As crianças são um dos grupos mais atingidos pela pobreza. Dos 20,1% da pobreza existente em Portugal, 25% são famílias monoparentais onde existe, pelo menos uma criança. Quando as famílias são compostas por dois adultos e por três ou mais crianças dependentes a taxa já é de 39,8%. Se todas as cidadãs e cidadãos que vivem nesta condição de falta de recursos para viverem com dignidade não tivessem direito a subsídios da Segurança Social, como são o subsídio de desemprego, por doença, ou invalidez, apoios à família, habitação… o nível da pobreza, em Portugal, seria dramático, pois 42,4% da sua população viveria pobre.

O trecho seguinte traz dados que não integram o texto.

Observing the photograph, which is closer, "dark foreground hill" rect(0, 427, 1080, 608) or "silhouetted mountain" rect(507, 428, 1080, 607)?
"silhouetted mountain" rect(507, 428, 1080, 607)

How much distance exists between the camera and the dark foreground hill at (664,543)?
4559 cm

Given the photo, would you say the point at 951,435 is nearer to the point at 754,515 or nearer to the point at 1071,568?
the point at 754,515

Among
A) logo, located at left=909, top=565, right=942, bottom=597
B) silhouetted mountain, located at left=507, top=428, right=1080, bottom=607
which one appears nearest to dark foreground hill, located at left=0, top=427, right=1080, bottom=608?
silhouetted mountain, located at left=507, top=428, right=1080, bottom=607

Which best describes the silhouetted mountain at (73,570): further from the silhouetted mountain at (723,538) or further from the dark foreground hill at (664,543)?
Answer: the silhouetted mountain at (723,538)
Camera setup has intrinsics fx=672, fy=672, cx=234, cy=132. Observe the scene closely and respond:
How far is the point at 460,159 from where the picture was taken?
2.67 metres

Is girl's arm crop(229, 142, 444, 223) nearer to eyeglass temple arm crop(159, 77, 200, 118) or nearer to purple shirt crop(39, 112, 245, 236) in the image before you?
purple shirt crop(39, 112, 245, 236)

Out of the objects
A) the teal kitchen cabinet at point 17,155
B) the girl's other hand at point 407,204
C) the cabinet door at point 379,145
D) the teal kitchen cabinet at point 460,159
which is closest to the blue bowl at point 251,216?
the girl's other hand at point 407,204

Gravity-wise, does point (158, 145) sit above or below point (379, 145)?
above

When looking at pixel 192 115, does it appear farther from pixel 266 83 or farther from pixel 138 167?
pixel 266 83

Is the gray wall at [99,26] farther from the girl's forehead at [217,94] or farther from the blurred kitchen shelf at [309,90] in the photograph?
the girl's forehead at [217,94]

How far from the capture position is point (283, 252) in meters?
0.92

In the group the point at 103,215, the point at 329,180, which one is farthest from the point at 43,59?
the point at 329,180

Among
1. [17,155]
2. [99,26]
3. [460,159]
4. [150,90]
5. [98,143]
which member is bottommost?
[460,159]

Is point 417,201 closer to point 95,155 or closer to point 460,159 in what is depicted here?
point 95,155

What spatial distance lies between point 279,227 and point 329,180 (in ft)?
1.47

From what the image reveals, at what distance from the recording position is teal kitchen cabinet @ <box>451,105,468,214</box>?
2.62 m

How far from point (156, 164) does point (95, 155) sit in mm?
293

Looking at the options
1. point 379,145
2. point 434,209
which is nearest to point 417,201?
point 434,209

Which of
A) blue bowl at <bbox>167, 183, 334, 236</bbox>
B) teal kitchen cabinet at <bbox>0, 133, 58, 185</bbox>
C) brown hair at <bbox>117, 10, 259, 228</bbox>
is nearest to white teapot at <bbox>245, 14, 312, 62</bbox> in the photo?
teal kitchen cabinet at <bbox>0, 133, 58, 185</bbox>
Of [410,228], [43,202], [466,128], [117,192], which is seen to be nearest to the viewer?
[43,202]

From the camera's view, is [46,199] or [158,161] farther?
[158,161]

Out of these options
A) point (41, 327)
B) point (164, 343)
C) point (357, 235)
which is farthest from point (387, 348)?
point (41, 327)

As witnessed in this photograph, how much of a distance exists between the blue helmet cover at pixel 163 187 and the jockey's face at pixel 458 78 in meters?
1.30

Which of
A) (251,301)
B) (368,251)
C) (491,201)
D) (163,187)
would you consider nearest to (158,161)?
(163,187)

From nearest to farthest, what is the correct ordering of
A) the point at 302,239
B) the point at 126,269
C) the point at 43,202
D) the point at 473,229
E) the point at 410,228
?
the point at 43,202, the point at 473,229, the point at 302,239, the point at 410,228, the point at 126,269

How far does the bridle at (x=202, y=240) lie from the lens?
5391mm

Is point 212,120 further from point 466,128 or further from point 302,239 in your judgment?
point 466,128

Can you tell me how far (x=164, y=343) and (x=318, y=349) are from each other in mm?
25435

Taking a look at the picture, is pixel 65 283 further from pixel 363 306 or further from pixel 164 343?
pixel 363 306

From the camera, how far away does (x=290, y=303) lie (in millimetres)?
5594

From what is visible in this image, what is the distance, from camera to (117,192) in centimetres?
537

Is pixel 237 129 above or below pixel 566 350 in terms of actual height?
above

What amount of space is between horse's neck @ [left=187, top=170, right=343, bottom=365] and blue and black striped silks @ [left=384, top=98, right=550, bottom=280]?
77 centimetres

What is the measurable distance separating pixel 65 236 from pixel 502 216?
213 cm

Transcrevo um trecho do relatório que a PRODATA publicou no dia 17 de outubro último, por me parecer bastante incisivo para quem queira ter uma ideia abrangente da pobreza no nosso país: «A pobreza no país é estrutural. Nascer pobre não deveria ser uma sentença, mas a persistência ao longo de gerações é uma das características mais determinantes da pobreza em Portugal. Para romper este ciclo, são necessárias políticas direcionadas às crianças mais desfavorecidas e às suas famílias. Mas este combate também passa pela educação que faz funcionar o elevador social e pela transformação do mercado de trabalho, aumentando a produtividade e o valor acrescentado da economia nacional.»[2].

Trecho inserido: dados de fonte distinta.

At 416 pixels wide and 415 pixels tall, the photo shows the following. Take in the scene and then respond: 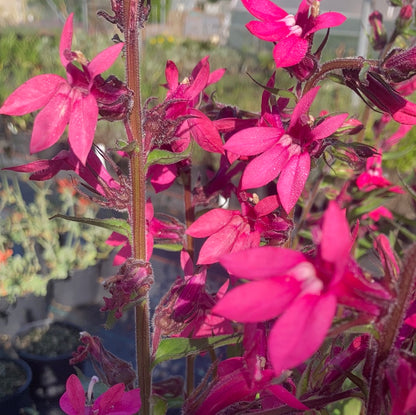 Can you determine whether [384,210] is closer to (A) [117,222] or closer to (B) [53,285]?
(A) [117,222]

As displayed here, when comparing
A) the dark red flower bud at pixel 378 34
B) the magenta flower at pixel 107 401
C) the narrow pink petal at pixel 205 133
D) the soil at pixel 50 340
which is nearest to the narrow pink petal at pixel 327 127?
the narrow pink petal at pixel 205 133

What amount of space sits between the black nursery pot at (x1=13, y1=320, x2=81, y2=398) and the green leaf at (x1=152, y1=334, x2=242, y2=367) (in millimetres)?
1048

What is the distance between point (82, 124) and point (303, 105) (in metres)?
0.23

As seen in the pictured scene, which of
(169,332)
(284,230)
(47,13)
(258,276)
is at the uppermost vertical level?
(258,276)

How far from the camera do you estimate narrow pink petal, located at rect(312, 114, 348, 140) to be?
580mm

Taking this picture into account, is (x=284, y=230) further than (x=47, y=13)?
No

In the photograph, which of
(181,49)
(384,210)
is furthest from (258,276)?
(181,49)

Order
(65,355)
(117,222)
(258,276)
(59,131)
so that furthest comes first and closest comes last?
1. (65,355)
2. (117,222)
3. (59,131)
4. (258,276)

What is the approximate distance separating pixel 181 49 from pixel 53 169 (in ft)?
22.7

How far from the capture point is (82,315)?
215 centimetres

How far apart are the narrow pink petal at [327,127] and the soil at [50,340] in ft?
4.57

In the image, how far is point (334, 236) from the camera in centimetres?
35

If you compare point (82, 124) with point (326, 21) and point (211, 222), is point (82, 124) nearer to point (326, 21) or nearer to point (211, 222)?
point (211, 222)

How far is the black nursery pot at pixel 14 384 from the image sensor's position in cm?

Não se pode pedir só às IPSS ou a qualquer outra ONG que erradiquem a pobreza. Nem tão pouco isso se consegue com ações paliativas. Felizmente, que Portugal já tem um “Plano Estratégico de Combate à Pobreza”. Prevê, como sempre defendi, a intervenção de diferentes áreas governativas. É desejável, agora, que os ministros responsáveis pelos Ministérios indicados na Estratégia se reúnam com alguma regularidade, a fim de que as medidas que o justificarem, se transformem em Políticas Públicas que tenham em conta, na sua aplicação, a subsidiariedade. As IPSS, cada uma segundo as suas finalidades, criatividade, e capacidades financeiras têm dado o seu contributo para minimizar os efeitos mais perversos da pobreza. Que as Redes Locais de Freguesia e as Redes Sociais a nível concelhio sejam os espaços privilegiados para concretizar, aproveitando a eficácia e eficiência que a proximidade produz, aquilo que a Estratégia Nacional tem de maior pertinência em cada distrito. Algumas IPSS poderiam até ter a vantagem de ser desafiadas a acrescentar ou alterar as suas respostas sociais. Com as transferências sociais do Poder Central para o Local poderão as IPSS ter a oportunidade de revitalizar a sua identidade, equacionar a sua missão, fortalecendo os seus valores.

A pobreza não é uma fatalidade. Do contrário ninguém me convence.

[1] https://eurocid.mne.gov.pt/eventos/dia-internacional-para-erradicacao-da-pobreza.

[2]https://www.pordata.pt/sites/default/files/202410/pr_dia_internacional_pobreza_2024_pordata_vf.pdf

* Artigo publicado originalmente no jornal Solidariedade.pt.